Personal information
- Full name: Ross David Dyer
- Date of birth: 12 May 1988 (age 38)
- Place of birth: Stafford, England
- Height: 6 ft 2 in (1.88 m)
- Position: Forward

Senior career*
- Years: Team / Apps / (Gls)
- 200?–2010: Hednesford Town
- 2010–2011: Forest Green Rovers / 31 / (5)
- 2011–2014: Mansfield Town / 58 / (10)
- 2013: → Hereford United (loan) / 5 / (3)
- 2014–2015: Halifax Town / 13 / (1)
- 2014: → Southport (loan) / 6 / (0)
- 2015: → AFC Telford United (loan) / 14 / (0)
- 2015–2017: Tamworth / 77 / (17)

= Ross Dyer (footballer) =

English footballer

Ross David Dyer (born 12 May 1988) is an English semi-professional footballer who last played for Conference North side Tamworth, where he played as a striker.

He can name Mansfield Town, Hednesford Town, Forest Green Rovers and Halifax Town among his previous clubs.

==Playing career==
===Hednesford Town===
Dyer began his career with Hednesford Town, where after coming through the youth system, he eventually progressed to become the club's first team captain.

===Forest Green Rovers===
He joined Forest Green Rovers in May 2010 on a one-year deal. However he suffered an ankle injury in September 2010 that ruled him out temporarily. He scored five goals in 32 games in the 2010–11 season for Forest Green.

===Mansfield Town===
Dyer then joined Mansfield Town in August 2011, with his £6,000 compensation fee being paid by Mansfield Town's fundraising group the 12th Stag. He scored nine goals in 47 appearances in the 2011–12 season.

He was limited to one appearance in the 2012–13 campaign after picking up a cruciate knee ligament injury, as the "Stags" won promotion to the Football League as champions of the Conference Premier. He made his Football League debut on 3 August 2013, starting in a 2–0 defeat to Scunthorpe United.
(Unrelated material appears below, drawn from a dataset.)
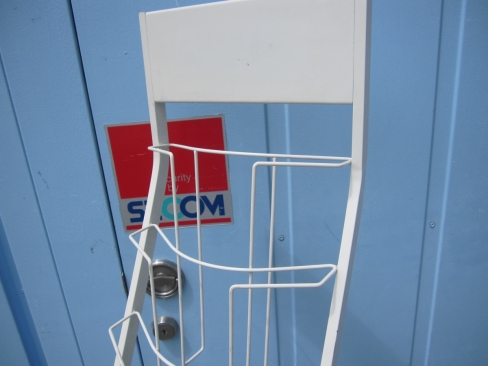 カタログスタンド　1列10段　ホワイト　キャスター付き　360ｘ500ｘ1500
===Hereford United (loan)===
On 11 October 2013, he joined Hereford United on a one-month loan deal. After three seasons with Mansfield he was released at the end of the 2013–14 season.

===F.C. Halifax Town===
On Friday 27 June 2014, it was announced that Dyer had signed for Conference Premier FC Halifax Town.

===Tamworth===
On 18 June 2015, Dyer joined Conference North side Tamworth on a one-year deal, following his release from FC Halifax Town.